Nous devons proclamer une fois de plus que nous sommes des marxistes et que nous prenons pour base le Manifeste communiste, dénaturé et trahi par la social‑démocratie sur deux points principaux : 1. les ouvriers n’ont pas de patrie : « défendre la patrie » dans la guerre impérialiste, c’est trahir le socialisme ; 2. la théorie marxiste de l’Etat a été dénaturée par la II° Internationale.

La dénomination de « social‑démocratie » est scientifiquement inexacte, comme Marx l’a démontré plus d’une fois notamment dans la Critique du programme de Gotha, et comme Engels l’a répété dans un exposé plus populaire en 1894 [1]. Du capitalisme l’humanité ne peut passer directement qu’au socialisme, c’est‑à‑dire à la propriété collective des moyens de production et à la répartition des produits selon le travail de chacun.

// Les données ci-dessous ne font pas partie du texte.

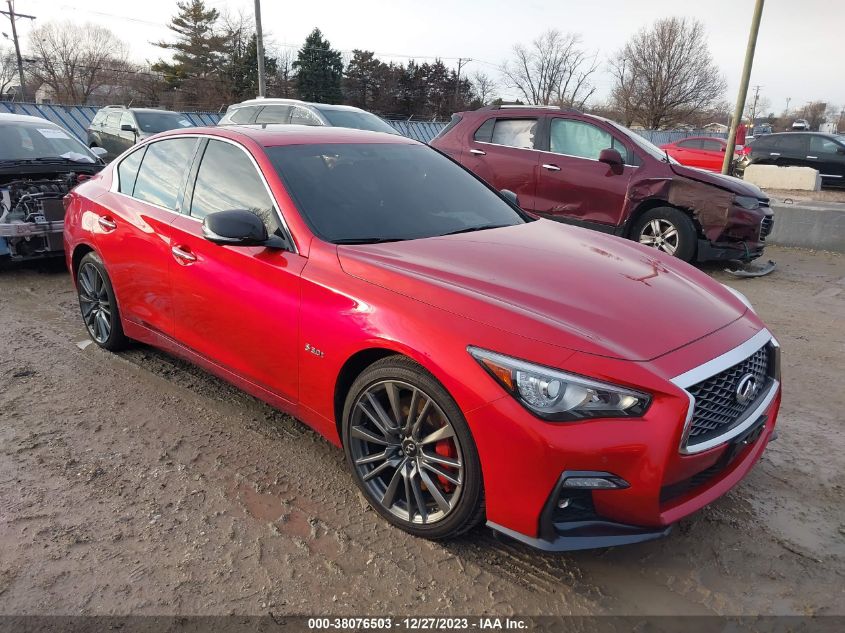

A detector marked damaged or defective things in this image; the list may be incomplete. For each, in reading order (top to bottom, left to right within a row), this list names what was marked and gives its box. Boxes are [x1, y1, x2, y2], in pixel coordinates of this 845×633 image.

damaged maroon suv [432, 106, 776, 262]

Notre Parti voit plus loin : le socialisme doit inévitablement se transformer peu à peu en communisme, sur le drapeau duquel est écrit : « De chacun selon ses capacités, à chacun selon ses besoins. »

Tel est mon premier argument.

Et voici le deuxième : la seconde partie de notre dénomination (social‑démocrates) est, elle aussi, scientifiquement inexacte. La démocratie est une des formes de l’Etat. Or, nous, marxistes, nous sommes adversaires de tout Etat.

Les chefs de la II° Internationale (1889‑1914), MM. Plékhanov, Kautsky et leurs pareils, ont avili et dénaturé le marxisme.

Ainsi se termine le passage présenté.